‘DOCTORING’
CAERS SUBSTACK ARTICLE #19
In my previous article I explored what doctors can offer patients. This article looks at how we do that. As is so often the case in life, the ‘how’ can be at least as important as the ‘what’.
You might be surprised that there is more than one way that doctors do what we do. Emmanuel and Emmanuel examined this many years ago and we’ll see shortly that their work relates to ethics in a very crucial way. They suggested that there are four ways that doctors can assist patients: 1) by being providers of information; 2) by being interpreters of that information; 3) by helping patients to deliberate about that information; 4) by making decisions for patients. Fittingly, these models are referred to as informative, interpretive, deliberative and paternalistic, respectively.
The informative method is straightforward—the patient simply wants to be educated, something that is hopefully accomplished with every doctor visit of any kind. A good example is a person wanting to understand more about cholesterol in general before doing any testing. The interpretive visit goes a step further and involves that same patient wanting to understand the significance of their specific cholesterol levels after laboratory testing is complete.
The deliberative model enhances the interaction between the patient and doctor wherein they discuss what might be done to lower the patient’s cholesterol if it is elevated. Such deliberation requires data, of course, but the decision to engage in certain interventions, such as consultation with a dietician or taking a medication, is done in the context of the patient’s value system. The doctor works with the patient to explore the various options in order to figure out what the patient feels is the best choice for them. Ultimately it is the patient who must make the decision because they are the ones with the high cholesterol that might contribute to a heart attack, not the doctor. And they are the ones who will have to take the cholesterol pill daily, for example, and assume the associated risks and suffer any possible side effects, not the doctor.
This model of interaction is considered the ideal because it respects the patient as a unique individual who is capable of making their own life decisions and should have the right to do so. However, if we look at the history of medicine, this model is relatively new.
Until recently, the fourth model, paternalism, has dominated medical practice: the doctor essentially made the decisions for the patient. In part that may have occurred in the past because people tended to visit doctors only after they had exhausted all other options and many of the measures used by doctors reflected that desperation. There are still many times when paternalism is appropriate: you are brought unconscious to a hospital with no one who can speak for you and the doctor must do what is medically necessary to save your life; or you are actively suicidal and the doctor must make a decision to admit you to hospital against your will for assessment in the hope of deterring you from harming yourself. And once you are no longer unconscious or someone can speak for you, for example, paternalism must end. But these are more the exception than the rule. So, how do we decide what qualifies as an exception? That’s where ethics enters with the concept of consent.
In the historical use of paternalism, the doctor communicated little to the patient and simply did what they thought should be done. Over time, as people became more educated and assertive, they demanded that the doctor explain the proposed treatment beforehand so as to allow for refusal. Initially the doctor would tell the patient what they, the doctor, thought the patient should know, but over time this evolved to telling each patient what the doctor thought most patients would want to know. It finally dawned on the profession that each patient is unique, as is their medical situation, and thus the information should be individualized to meet the needs of each particular patient. This process of relaying information is referred to as disclosure: making sure that all information, good and bad, that a patient feels could be helpful in making their decision around treatment be conveyed to them in a way that they can understand, with the opportunity to ask questions until satisfied. This is a crucial feature of the Nuremberg Code that developed after the atrocities of Nazi Germany during World War II. It was instrumental in the development of the concept of consent.
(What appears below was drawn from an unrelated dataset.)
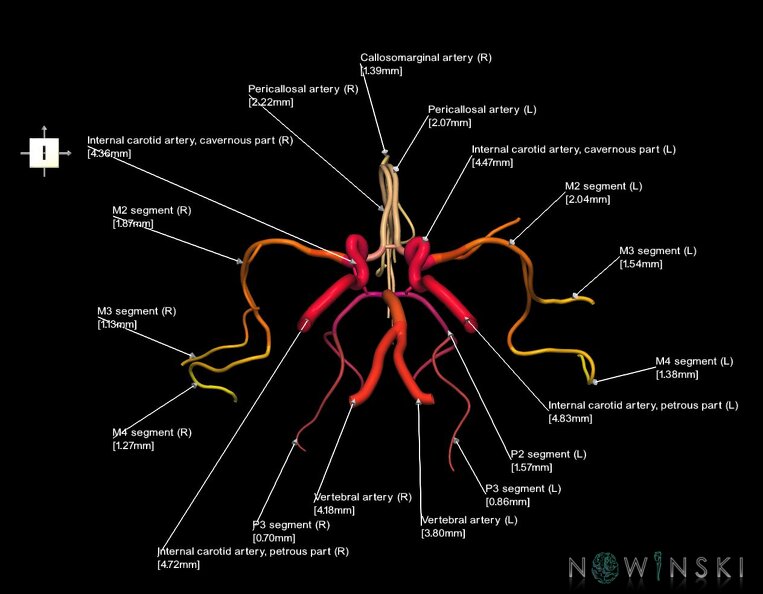 G1.T15.1.V6.C2.L3.Intracranial_arterial_system_main_branches.tiff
Consent involves three aspects: the disclosure mentioned above (‘informed’), capacity (the ability to understand and appreciate the nature of the disease and the proposed treatment, and capacity is always assumed until proven otherwise) and voluntariness (the patient is completely free to make their own decisions without coercion of any kind).
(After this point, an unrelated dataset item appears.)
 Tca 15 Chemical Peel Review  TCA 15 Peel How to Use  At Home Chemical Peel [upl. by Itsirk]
As is likely obvious, consent reflects the ‘how’ of practising medicine. Consent is supposed to guide us in everything we do as physicians. That means that we must provide a very powerful justification if we are to skirt the issue of consent. As with paternalism above, we must have very convincing reasons any time we ignore capacity, disclosure and voluntariness.
Has consent been utilized during the pandemic? Was disclosure adequately done? If not, were the justifications for not utilizing the process of consent or not disclosing information sufficiently powerful and applied appropriately? Were the boundaries as clear as when a patient is unconscious or suicidal?
I’ll explore voluntariness and capacity in other articles, because these elements of consent speak to the very heart of health care. Recent history has shown us what can happen when we do not reflect deeply enough on them.